PCAN (Parents of Children with Additional Needs) are the independent, parent-led forum in Kirklees for all parents and carers of children and young people with additional needs.

SEND Karma – A bespoke service that is person-centred and led by families. It could include things like practical help, advocacy, information and advice, support to apply for grants and benefits and signposting.

Street bikes run activities, bike lessons and bike rides for people with disabilities. You can also learn bike mechanics or volunteer.  No bike needed – they have all types of bikes hand-cycles, tandems, trikes and wheelchair bikes.

Touchstone Advocacy Kirklees is a new advocacy service for Kirklees delivered by Touchstone in partnership with Advonet.  This service works to empower individuals across Kirklees to know their rights, make choices and decisions about their lives and to ensure that their wants, needs and wishes are heard.

What significant factors are affecting this issue?

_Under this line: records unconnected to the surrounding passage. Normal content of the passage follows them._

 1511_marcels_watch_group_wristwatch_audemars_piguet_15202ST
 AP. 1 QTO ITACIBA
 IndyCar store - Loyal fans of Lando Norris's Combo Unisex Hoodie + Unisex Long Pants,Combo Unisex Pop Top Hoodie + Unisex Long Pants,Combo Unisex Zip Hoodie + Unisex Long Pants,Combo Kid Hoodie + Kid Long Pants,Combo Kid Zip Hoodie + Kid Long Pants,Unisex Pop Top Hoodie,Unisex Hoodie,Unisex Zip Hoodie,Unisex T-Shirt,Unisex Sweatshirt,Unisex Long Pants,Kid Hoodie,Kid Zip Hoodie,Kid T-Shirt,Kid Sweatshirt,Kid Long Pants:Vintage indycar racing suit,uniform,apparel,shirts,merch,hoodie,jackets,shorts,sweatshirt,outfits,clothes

Infant mortality (deaths before first birthday) and disability

Preterm birth, low birthweight babies (less than 2500g), stillbirth and infant mortality are indicators of the broader health and wellbeing of populations; they can be highly traumatic for those affected by them.  Positive health behaviours, access to maternity and genetic counselling services and an increased understanding of the impact of pregnancy as a result of relationships within the family have all contributed to lower rates of preterm birth, stillbirth and infant mortality in recent years.

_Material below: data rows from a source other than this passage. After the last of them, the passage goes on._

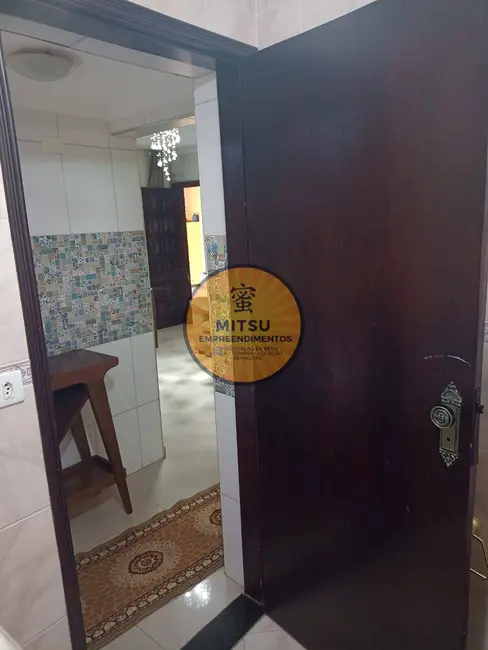 Casa com 3 quartos à venda, 207m2 em Jardim do Estádio, Santo Andre - SP - imagem 9 Foto 9 de Casa com 3 quartos à venda, 207m2 em Jardim do Estádio, Santo Andre - SP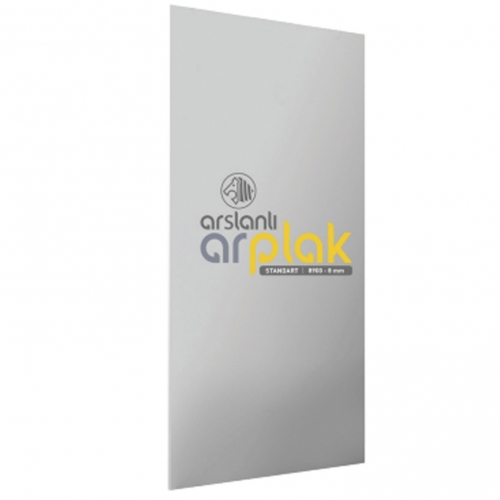 ARSLANLI ARPLAK STANDART 8900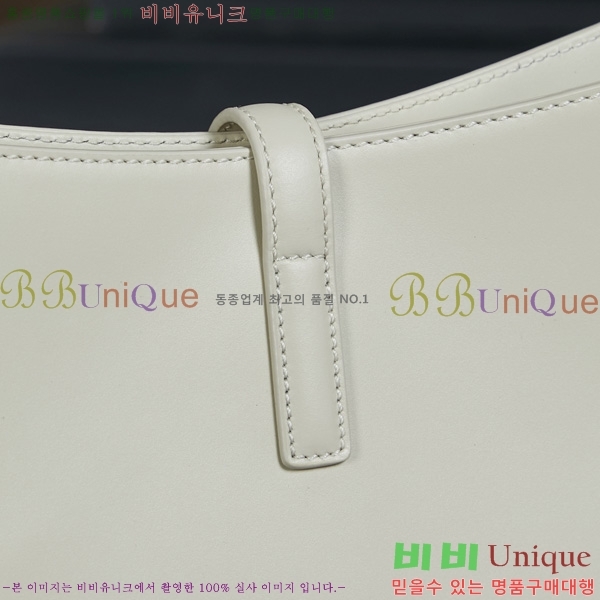 #���ζ� LE 5 7 ���� ȣ���� 657228-702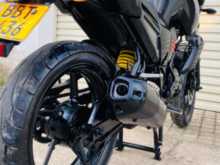https://riyasewana.com/uploads/yamaha-fz-s-78140013192.jpg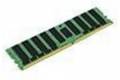 Kingston Ram 64gb 2933mhz Ddr4 288-pin Dimm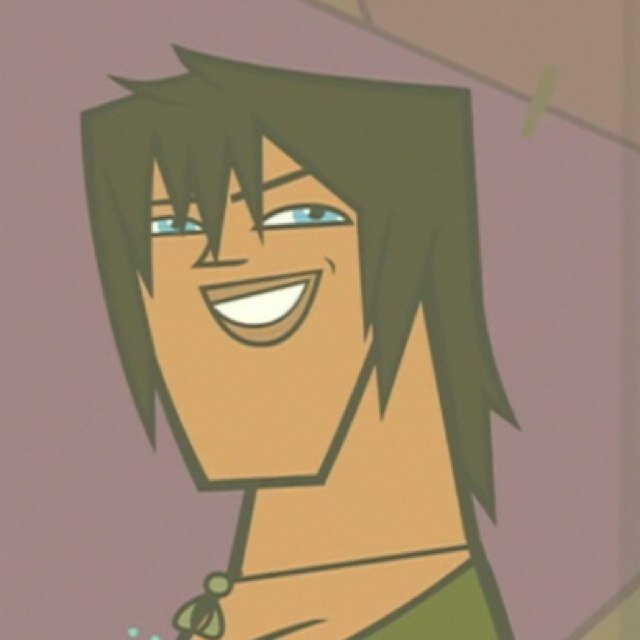 Hello. Im justin. Was on seasons TDI and TDA. Im beyond beautiful. Here to compete on this seasons TDT{RP} {Totaldrama}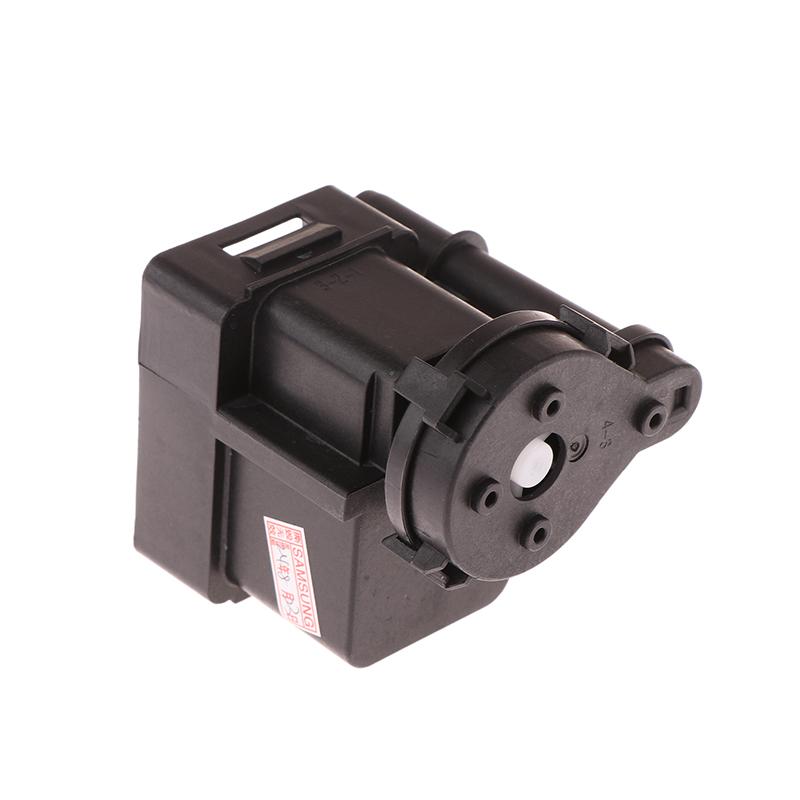 B13-5Ae12120 60 Гц 15 Вт Dc31-00105B Двигатель сливного насоса для сушильной машины Samsung, запчасти для сушильной машины, аксессуары
B13-5Ae12120 60 Гц 15 Вт Dc31-00105B Двигатель сливного насоса для сушильной машины Samsung, запчасти для сушильной машины, аксессуары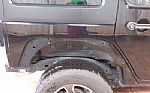 2016 WRANGLER UNLIMITED Thumbnail 22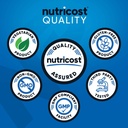 nutricost-creatine-monohydrate-powder-re-3.jpg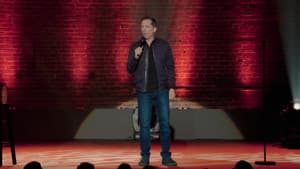 Gad Elmaleh - Part en Live — foto 9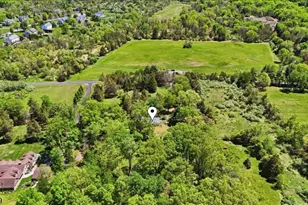 9 Roosevelt Rd, Readington, NJ 08889 - Photo 35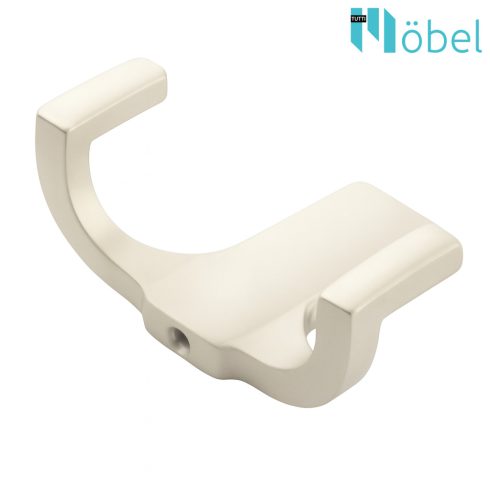 MG040 fogas Pezsgő ( új megnevezés: WM040) - G5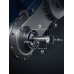 Мотоблок бензиновый ЗУБР МБ5-500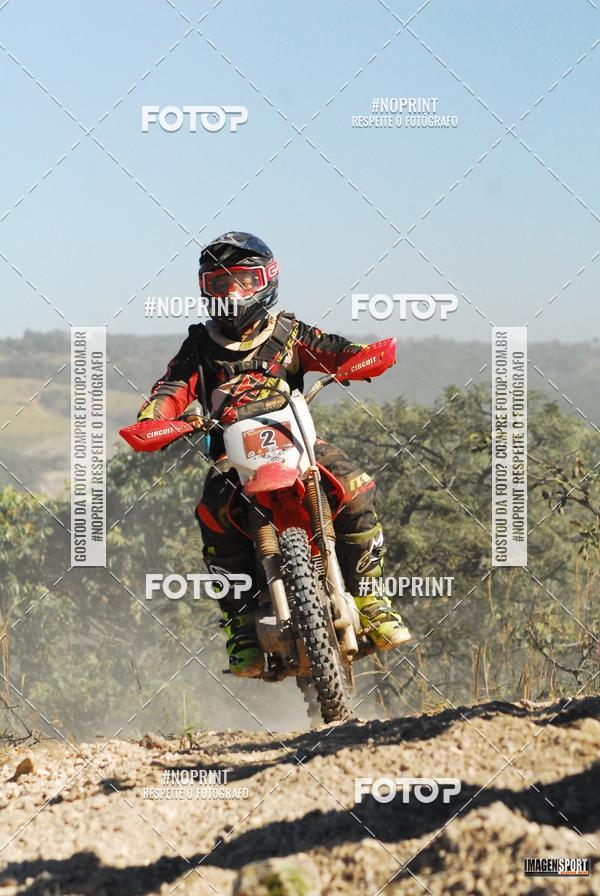 Buy your photos of the event11 Trirrasco de Coromandel on Fotop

Babies who are born preterm (before 37 completed weeks of pregnancy) are not fully prepared to live outside the mother’s womb and have an increased risk of long-term physical and neurological health issues and mortality. Babies whose weight is normal are less likely to develop childhood asthma, become obese, or suffer diabetes late in life.(4)  Babies who are born early are more likely to have a low birth weight although full term babies can also have a low birthweight.  In 2017 in Kirklees, the proportion of full term babies who had low birth weight was 3.3% (which is not significantly higher than the rate for England, 2.8%) and there are clear inequalities depending on area; in 2018/19 Dewsbury and Mirfield District Committee had the highest rate (4.9%) whereas Huddersfield had the lowest (2.9%).(5)

In 2015-2017, Kirklees had a similar rate of stillbirth compared to nationally (4.7 compared to 4.3 per 1000 births)(6)  The infant mortality rate in Kirklees (2015-2017) has dropped in recent years, but still remains above the England rate: 4.9 per 1000 births in Kirklees compared to an England rate of 3.9/1000 (6). Again there are inequalities depending on area; the infant mortality rate was highest in Dewsbury and Mirfield (5.7/1000) and Batley and Spen (4.5/1000) and lowest in Kirklees Rural (1.6/1000). (6)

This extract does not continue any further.